• Hi All

    Please note that at the Chandoo.org Forums there is Zero Tolerance to Spam

    Post Spam and you Will Be Deleted as a User


  • When starting a new post, to receive a quicker and more targeted answer, Please include a sample file in the initial post.

String manipulation: Expecting a better solution


Active Member
Hi there! I've made a parser which is pulling e-mail but it is crude. I've refined it already but the code looks messy. Is it the right way I'm doing or any better solution?

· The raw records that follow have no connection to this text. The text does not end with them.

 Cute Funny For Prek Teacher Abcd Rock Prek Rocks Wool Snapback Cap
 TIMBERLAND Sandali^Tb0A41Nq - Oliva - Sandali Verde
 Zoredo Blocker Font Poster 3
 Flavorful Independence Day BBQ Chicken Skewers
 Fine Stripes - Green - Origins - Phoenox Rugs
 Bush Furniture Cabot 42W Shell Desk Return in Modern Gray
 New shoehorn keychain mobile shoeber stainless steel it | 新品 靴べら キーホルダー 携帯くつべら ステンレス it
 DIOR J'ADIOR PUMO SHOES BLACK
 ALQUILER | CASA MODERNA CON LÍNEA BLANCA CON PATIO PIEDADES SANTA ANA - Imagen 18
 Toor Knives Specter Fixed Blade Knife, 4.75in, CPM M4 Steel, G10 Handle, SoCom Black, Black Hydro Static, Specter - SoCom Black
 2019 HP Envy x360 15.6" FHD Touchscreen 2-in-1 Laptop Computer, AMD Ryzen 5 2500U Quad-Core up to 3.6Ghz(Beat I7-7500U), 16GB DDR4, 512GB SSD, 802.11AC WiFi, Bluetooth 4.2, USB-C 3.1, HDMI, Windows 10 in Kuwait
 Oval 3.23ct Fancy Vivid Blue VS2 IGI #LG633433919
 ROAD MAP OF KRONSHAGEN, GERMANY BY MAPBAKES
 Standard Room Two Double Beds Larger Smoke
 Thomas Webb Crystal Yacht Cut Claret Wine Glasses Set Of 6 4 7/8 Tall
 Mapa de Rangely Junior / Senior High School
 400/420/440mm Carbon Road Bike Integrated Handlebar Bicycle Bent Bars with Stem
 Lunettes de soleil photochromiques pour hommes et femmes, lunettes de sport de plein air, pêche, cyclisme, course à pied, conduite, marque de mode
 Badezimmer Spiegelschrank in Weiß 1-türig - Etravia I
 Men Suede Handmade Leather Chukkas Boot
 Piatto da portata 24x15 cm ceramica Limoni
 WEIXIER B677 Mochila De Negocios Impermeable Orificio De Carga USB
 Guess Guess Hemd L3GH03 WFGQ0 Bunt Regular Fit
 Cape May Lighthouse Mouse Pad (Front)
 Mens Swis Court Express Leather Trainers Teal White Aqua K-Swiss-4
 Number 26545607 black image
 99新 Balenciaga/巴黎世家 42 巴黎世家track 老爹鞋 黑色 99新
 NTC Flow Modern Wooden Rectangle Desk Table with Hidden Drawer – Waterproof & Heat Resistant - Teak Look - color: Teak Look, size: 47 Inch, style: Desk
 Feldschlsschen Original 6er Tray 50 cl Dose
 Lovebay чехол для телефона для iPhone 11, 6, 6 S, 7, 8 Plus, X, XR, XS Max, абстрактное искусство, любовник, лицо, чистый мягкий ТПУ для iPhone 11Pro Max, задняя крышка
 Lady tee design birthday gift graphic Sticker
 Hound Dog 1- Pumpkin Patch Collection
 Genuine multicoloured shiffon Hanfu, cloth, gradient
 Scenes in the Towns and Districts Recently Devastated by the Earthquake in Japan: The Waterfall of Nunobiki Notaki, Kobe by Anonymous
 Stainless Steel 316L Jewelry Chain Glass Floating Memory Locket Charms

Thanks in advance.

Crude One: mailto:ben%40holysmokesbbq.com.au?subject=Enquiry%2C%20sent%20from%20yellowpages.com.au&body=%0A%0A%0A%0A%0A------------------------------------------%0AEnquiry%20via%20yellowpages.com.au%0Ahttps%3A%2F%2Fwww.yellowpages.com.au%2Fvic%2Fballarat-central%2Fholy-smokes-barbecue-1000001786433-listing.html%3Fcontext%3DbusinessTypeSearch%26isTopOfList%3Dtrue%26premiumProductId%3D400005055323

Refined One: ben@holysmokesbbq.com.au

Here is the code:

Set topics = html.getElementsByClassName("contact contact-main contact-email")

For Each topic In topics
    On Error Resume Next
    v = Split(topic.href, "?")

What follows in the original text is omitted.